Bei den Kriechtieren (Reptilien) wird die Herzkammer teilweise in zwei Hälften getrennt. Dadurch wird die Durchmischung des Blutes eingeschränkt. Aus der Herzkammer entspringen drei Adern. Die rechte Ader führt mit Kohlenstoffdioxid angereichertes Blut zur Lunge, die linke Ader transportiert sauerstoffreiches Blut in den Körper. Sie vereinigt sich mit der mittleren Ader, die Mischblut enthält, zur Körperarterie.

Bei den Vögeln, Säugetierenund dem Menschen ist das Herz vollständig in zwei Vorkammern und zwei Herzkammern getrennt. Das aus der Lunge kommende sauerstoffreiche Blut und das mit Kohlenstoffdioxid angereicherte Blut aus dem Körper vermischen sich nicht. Lungenkreislauf und Körperkreislauf sind vollständig getrennt.
Aus der linken Herzkammer entspringt die Körperarterie, die den Körper mit seinen Organen und Zellen mit Sauerstoff versorgt. Die rechte Herzkammer pumpt das in der Körpervene aus dem Körper kommende kohlenstoffdioxidangereicherte Blut zur Lunge. Dort erfolgt der Gasaustausch.

Differenzierung der Gewebe bei Moos-, Farn- und Samenpflanzen

Auch innerhalb der Pflanzen ist eine Differenzierung und Zentralisierung von Strukturen festzustellen.
Im Verlauf der Stammesgeschichte haben sich beispielsweise besondere Leitgewebe mit auffälligen Zellelementen in den Sprossachsen höherer Pflanzen herausgebildet.

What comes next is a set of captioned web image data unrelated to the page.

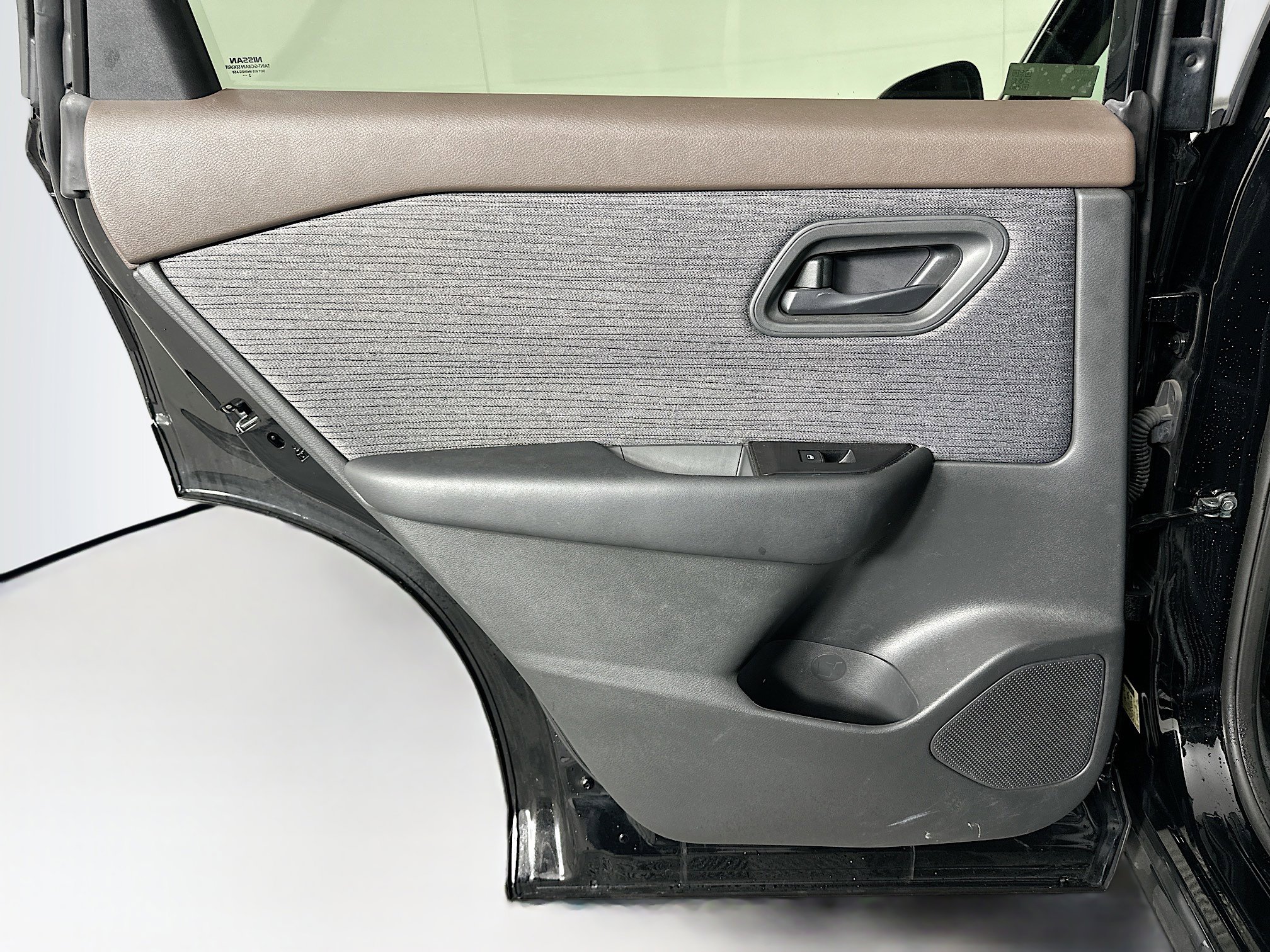 Used 2023 Nissan Rogue S AWD/4WD image 25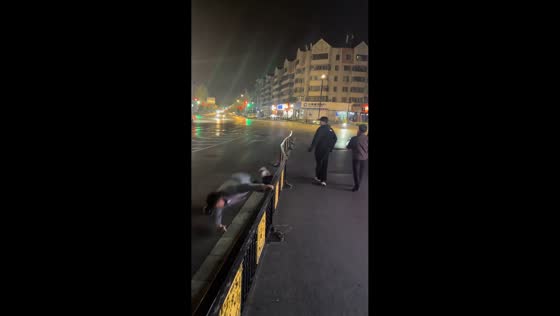 Parkour attempt ends in a fall in Henan, China
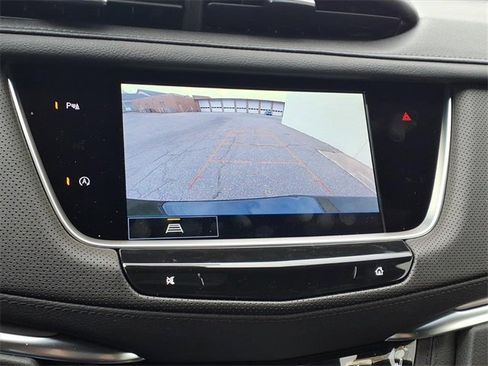 New 2026 Cadillac XT5 Luxury image 10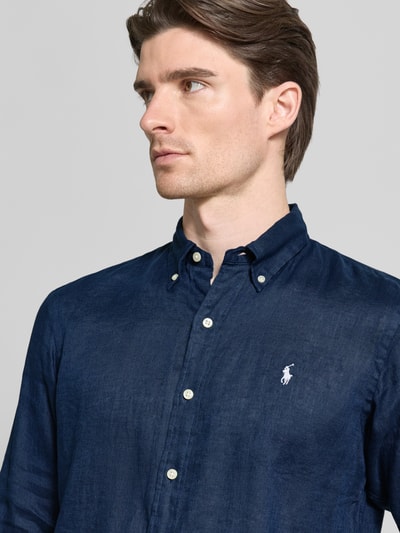 Männermodel trägt Regular Fit Freizeithemd aus reinem Leinen von Polo Ralph Lauren in Dunkelblau, Nahaufnahme Oberkörper.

Die Moose besitzen demgegenüber nur einen unzureichenden Verdunstungsschutz und kein oder nur schwach entwickeltes Leit- und Festigungsgewebe. In ihrem äußeren Bau sind sie in Moosblättchen, Moosstämmchen und Rhizoid gegliedert. Durch Moose werden überwiegend feuchte Standorte besiedelt.

Die Farnpflanzen und Samenpflanzen weisen neben der Gliederung in die Grundorgane Blatt, Sprossachse und Wurzel zunehmend differenzierte Abschlussgewebe, Wasseraufnahme- und Leitungsgewebe sowie Festigungsgewebe auf.
Die Gewebe in den Sprossachsen der verschiedenen Pflanzengruppen sind aber unterschiedlich stark differenziert.

Stand: 2010
Dieser Text befindet sich in redaktioneller Bearbeitung.